Bak hoca mısın? Eski imam mısın? Yoksa Abdulhamidhan Camisini ele geçiren “ZAT” mısın?

Her neysen:

Sen Devletin Valisine ve Büyükşehir Başkanına o gizli video’daki konuşmaların gibi “şimdi bile çekinmeden konuşabilirim” diyerek hakaret edemezsin?

Sen siyasilerimizi zan altında bırakamazsın?

AK Parti’ye aba altından sopa gösteremezsin?

-  Hele hele kara çalar, çamur at izi kalsın gibi, Siyasilerden biri hocayı meşhur bir işadamına havale ediyor ya! O işadamı, iftiracı hocayı yazıhanesine davet ediyor ve tetikçiye (ben oluyorum) para verelim diyor ya!  

Eğer o siyasetci ve meşhur işadamının isimlerini yazmazsan, kamuoyuna açıklamazsan seni “ŞEREFSİZ VE MÜFTERİ” ilan edeceğim.

Yalan konuşuyorsun yalan?

Bir Hoca’ya yalan konuşmak yakışmaz. Gerçi sen artık Hoca’da sayılmazsın? 

*

Bre Küstah…

-  Seni araştırdıkça sicilin daha da bozuluyor.

-  Şu yazdığın köşe yazınla artık hocalıktan değil insanlıktan çıkacaksın.

*

Sen önce gel şu yazdıklarımın bir cevabını Kamuoyuna ver:

Senin ne olduğun, nelere tenezzül ettiğini bu halk bilmeli…

*

-  Yıl 2011…

-  Dönemin Belediye Başkanı zat, şimdiki FETÖ şüphelisi olan kişi, Belediyede Halk Ekmek Müdürüne bir liste verir.
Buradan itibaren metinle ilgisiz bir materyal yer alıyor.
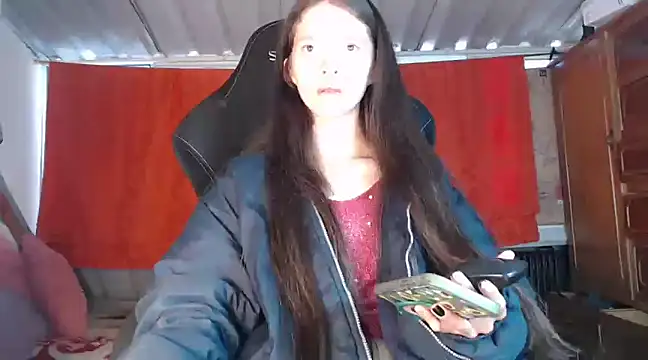 Snapshot of sweetdam12 chatting on 01/19/25, 02:06 sweetdam12 online show from 01/19/25, 02:06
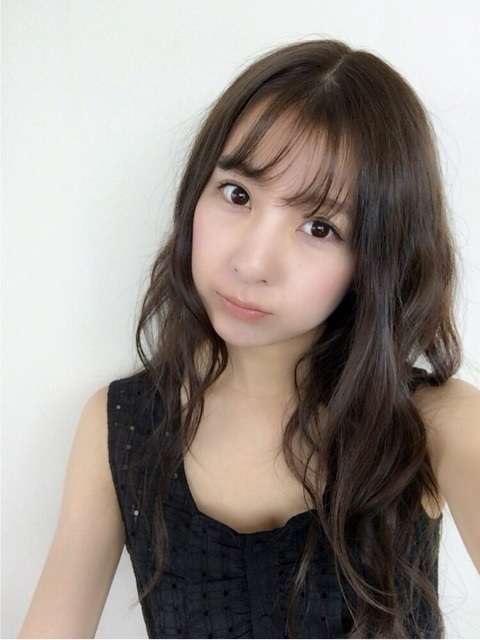 板野成美5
-  FETÖ’ ye ait yurt ve okul isimleri olan 10 kadar adrese sabahları ekmek ve simit verin der.

-  Enteresandır bu listenin içinde o dönem imamı olduğun Albulhamidhan camisi de vardır.

-  Müdür bir gün önceden görevlendirme yapar ve bu adreslere ekmek ve simit servis ettirir.

-  Abdülhamid camisi de ekmek almaz ancak, 600 adet simit alır.

 - Akşama doğru Müdür yaklaşık 1000 TL tutarındaki ekmek ve simit paralarının tahsilatı için eleman gönderdiğinde FETÖ yurtları müdürleri ve sen, devlete ait ekmek ve simit paralarını vermek istemezsiniz!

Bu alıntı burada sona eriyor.